It's been less than a week since the Conservative government tabled its latest budget, Prime Minister Stephen Harper is headed to Mexico for another "Three Amigos" summit and the Liberals gather in Ottawa next weekend for their annual convention.

These and other topics dominated CTV's Question Period this week. Here's what our guests had to say:

Split-up over income splitting?

Finance Minister Jim Flaherty caused a stir last week when he appeared to walk-back a Conservative campaign promise to introduce income splitting once he balanced the books, which he's on track to do by next year. His comments appeared to open a rift in the Conservative caucus, with Employment Minister Jason Kenney saying that "we keep our election promises," while Harper would only commit to offering tax relief for families when the surplus is realized.

Key Quotes:

"The discussion about what kind of tax relief we might be able to provide Canadians in 2015 is built on the assumption that we have, first of all, a balanced budget, and more importantly that we have a surplus.
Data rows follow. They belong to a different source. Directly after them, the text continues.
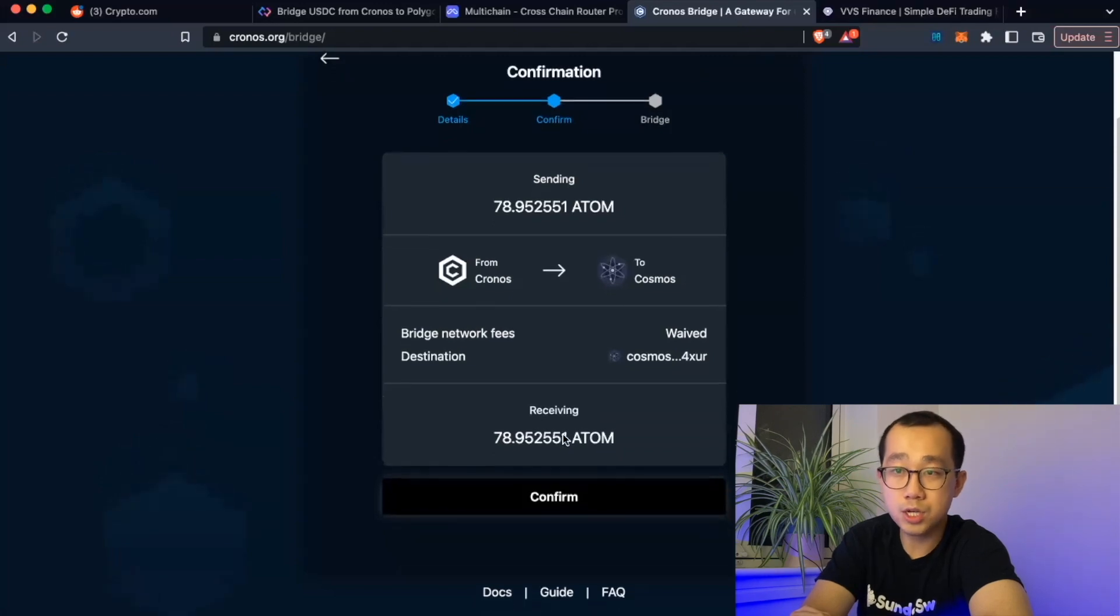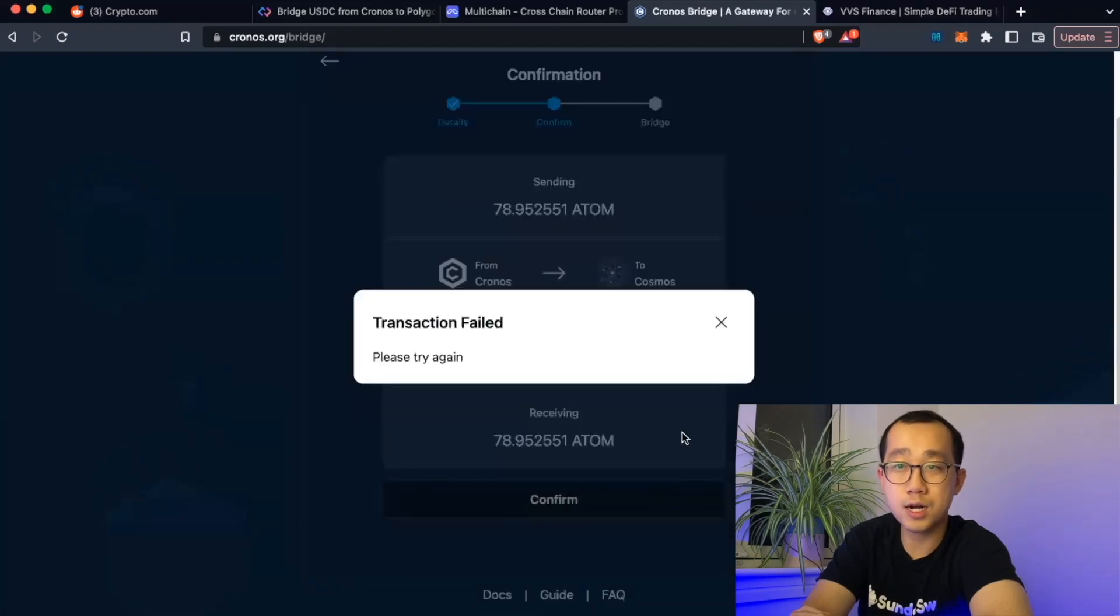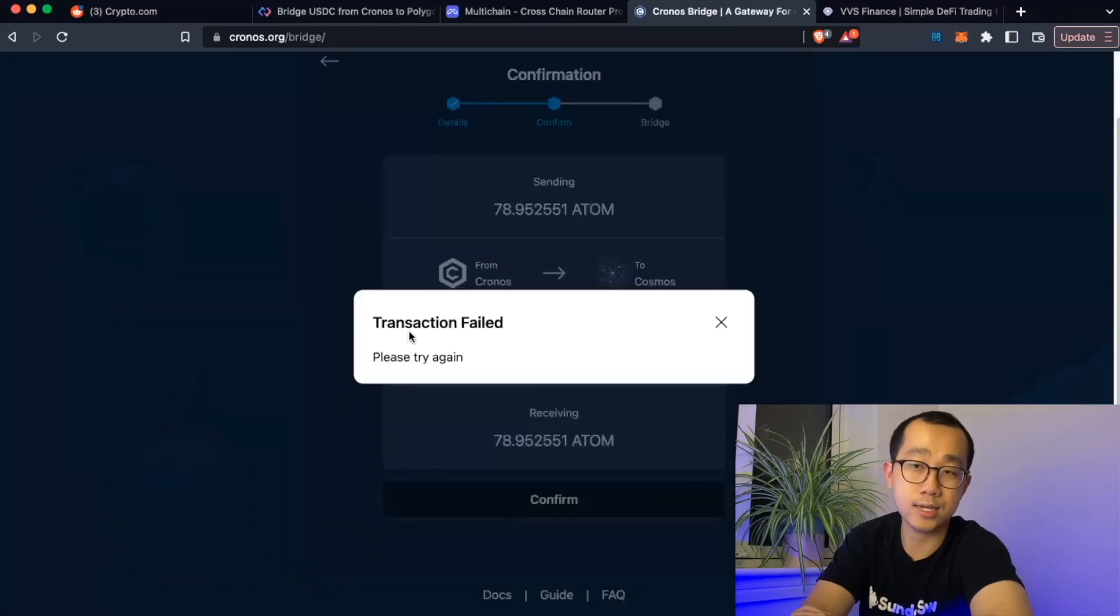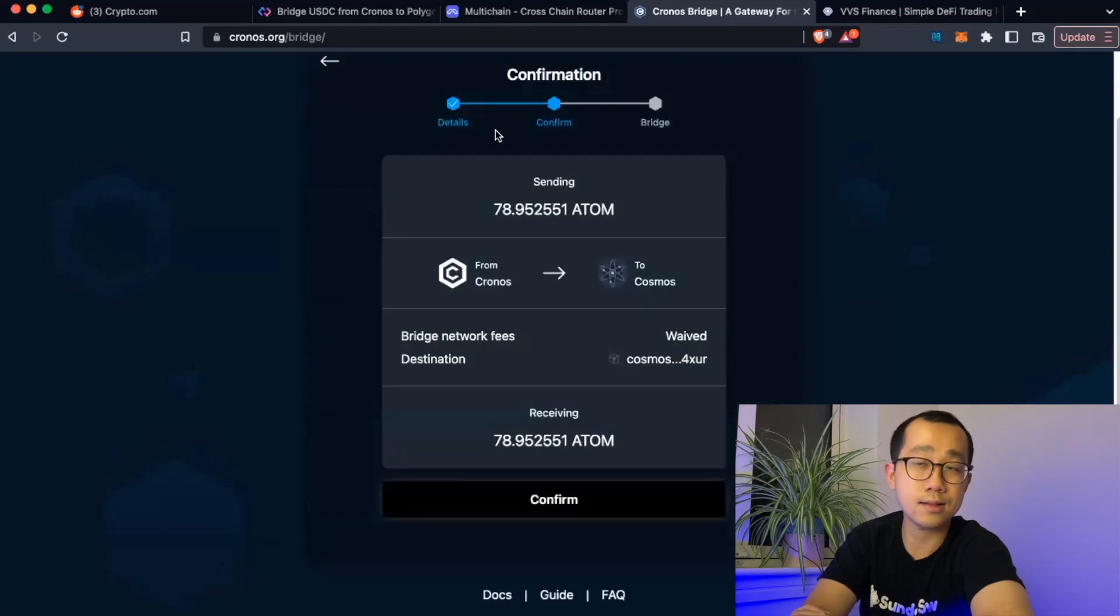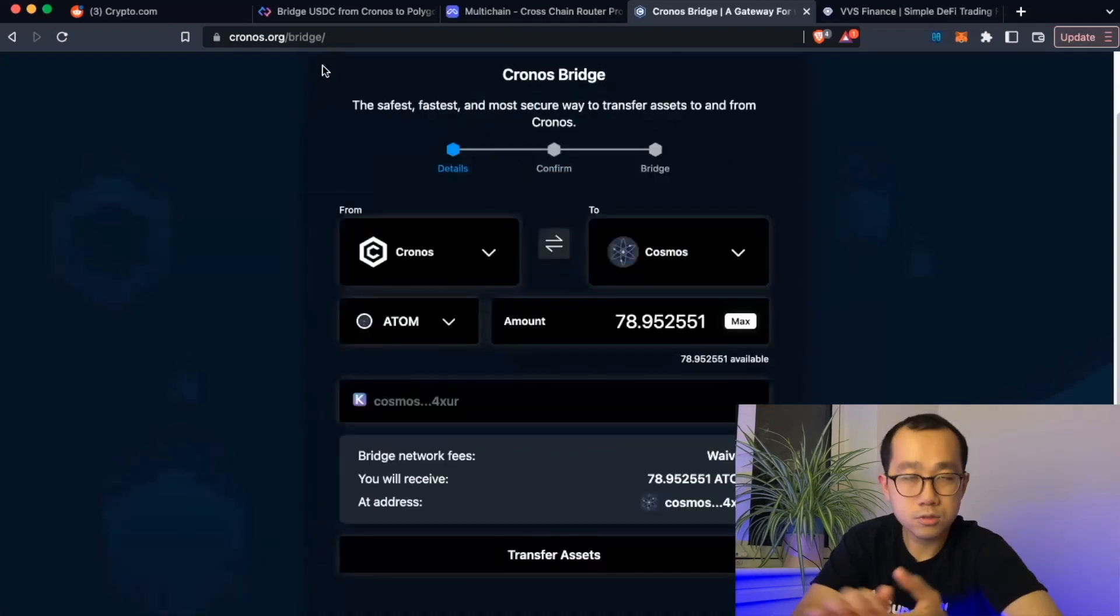The final way out of Kronos was of course the Atom bridge. However, when I tried doing this, we kept getting a transaction failed message suggesting that liquidity might not be present on this bridge as well.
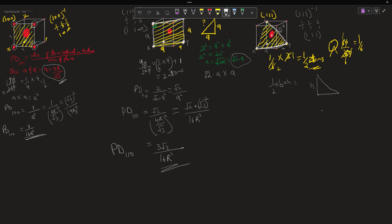This side is root 2 a, and the base is also root 2 a. For the half-base used in the Pythagorean theorem, it is root 2 a over 2, because we sliced the triangle in half. Applying the Pythagorean theorem: (root 2 · a)² = h² + (root 2 · a / 2)².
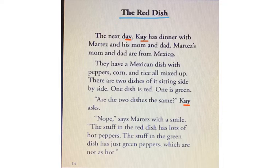The next day, Kay has dinner with Martez and his mom and dad. Martez's mom and dad are from Mexico. They have a Mexican dish with peppers, corn, and rice all mixed up. There are two dishes of it sitting side by side. One dish is red. One is green. Are the two dishes the same? Kay asks. Nope, says Martez with a smile. The stuff in the red dish has lots of hot peppers. The stuff in the green dish has just green peppers, which are not as hot.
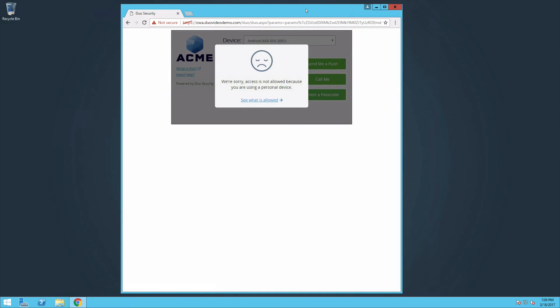You have successfully configured the Duo Certificate Proxy, deployment of the Duo Trusted Endpoints Certificate, and a Trusted Endpoints Policy.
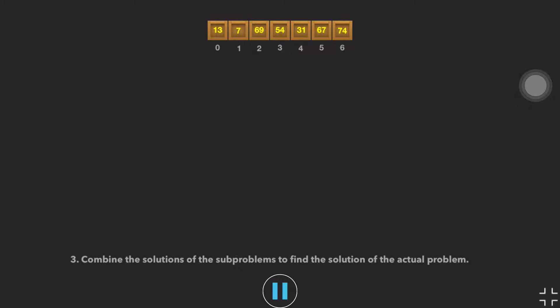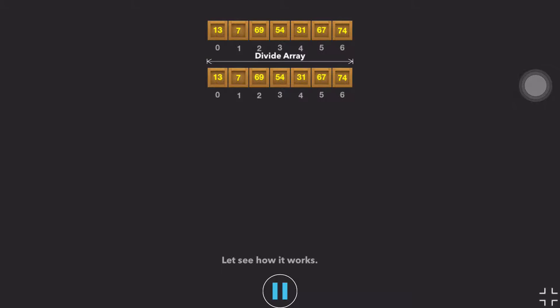Three: Combine the solutions of the subproblems to find the solution of the actual problem. Let's see how it works.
We actually aren't in a position where we have a surplus yet." -- Jason MacDonald, communications director to Prime Minister Stephen Harper

"The government's made it clear, they're committed to delivering tax relief to Canadian families. Ultimately what I want to see is it done in the most effective way." -- Conservative MP Dean Del Mastro, who left cabinet when he was charged with elections violations.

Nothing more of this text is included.